Il premier nel ruolo del pompiere: "Il 4 marzo non è salto nel buio"

Gentiloni a Bruxelles per rassicurare. Berlusconi: ai populisti ci penso io

Roma - Chi si rivede (e risente). Meriterebbe un supplemento d'indagine, il ritorno di una certa incontinenza verbale europea, specie riguardo i suoi sospetti riflessi sui mercati. Ma intanto il premier Paolo Gentiloni continua a interpretare alla perfezione il Gentiloni che sappiamo: risorsa preziosa (forse tardiva) per un Pd in picchiata, arcifedele interprete dei dettami Ue, epperò politico capace di cogliere al volo ogni sfumatura per volgerla alla vaga ma decisa sedazione degli italiani. Grazie al vezzo assai democristiano di poter dire tutto e il contrario di tutto, senza mai scomporsi. Così, dopo quello che ha definito «forse ultimo Consiglio dei ministri della legislatura», sottolineando di aver preso «decisioni importanti», il premier ha fornito al presidente Ue Juncker una risposta ferma ma garbata, come nel suo stile. «Stasera sarò a Bruxelles - dice in tv a Porta a Porta - e alla cena dei capi di governo tranquillizzerò Juncker: l'Italia è un Paese stabile. A parte che i governi sono tutti operativi, i governi governano... Non sono d'accordo nel vedere queste elezioni come un salto nel buio e dal mio punto di vista il ruolo del centrosinistra di governo è fondamentale, ma non ho paura del baratro». Lo dice, il premier, proprio mentre il suo segretario cerca di sfruttare a proprio vantaggio la mina impazzita-Juncker: «Se si sceglie la strada dell'antipolitica è finito il Paese», esagera Renzi. Per fortuna però Gentiloni non è Renzi («siamo diversi ma andiamo d'accordo») ed è reduce dagli endorsement che ne fanno uno strano «candidato da battere», anche senza elezione diretta alla poltrona di Palazzo Chigi. «Da Gentiloni a Gentiloni?» gli viene chiesto. «Fa piacere l'apprezzamento di persone così importanti, a partire da Napolitano - si schermisce -. Ma il fatto che gli italiani votino non lo considererei superfluo». Circostanza sottolineata anche da Silvio Berlusconi. «Ho incontrato a Bruxelles il presidente Juncker e l'unica preoccupazione dell'Europa è quella di una deriva populista pauperista che solo noi siamo in grado di fermare con un programma politico ed economico forte e concreto», ha rimarcato.

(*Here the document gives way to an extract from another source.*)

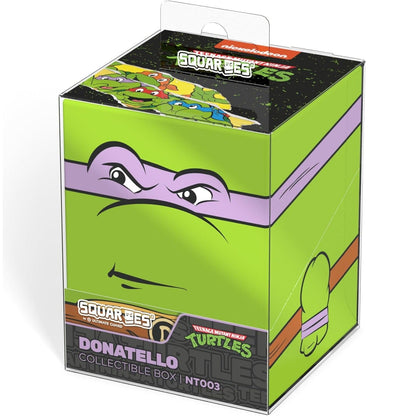 Squaroes Teenage Mutant Ninja Turtles NT003 (Donatello) Deckbox für TCG-Karten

Tanto Berlusconi quanto Gentiloni puntano a confutare la tesi che il voto sia inutile, sostenuta dai delusi dal Pd di Renzi. Il premier, che si vanta d'avere «il passo dell'alpino» spiega che «se serve una corsa alla bersagliera la facciamo». E, in un'escalation che tradisce intenti e priorità, chiarisce che «ora la corsa che va fatta è quella al voto. È fondamentale: non pensiamo che i giochi siano fatti, il voto conta, eccome, cambierà davvero le cose.

Intanto rafforziamo il Pd, il pilastro. Poi troveremo un modo grazie alla guida del presidente Mattarella». Tranquilli, perciò: se votate il Pd, o anche no, vi condurremo noi. Ma non dovete mica temere: il voto serve, eccome.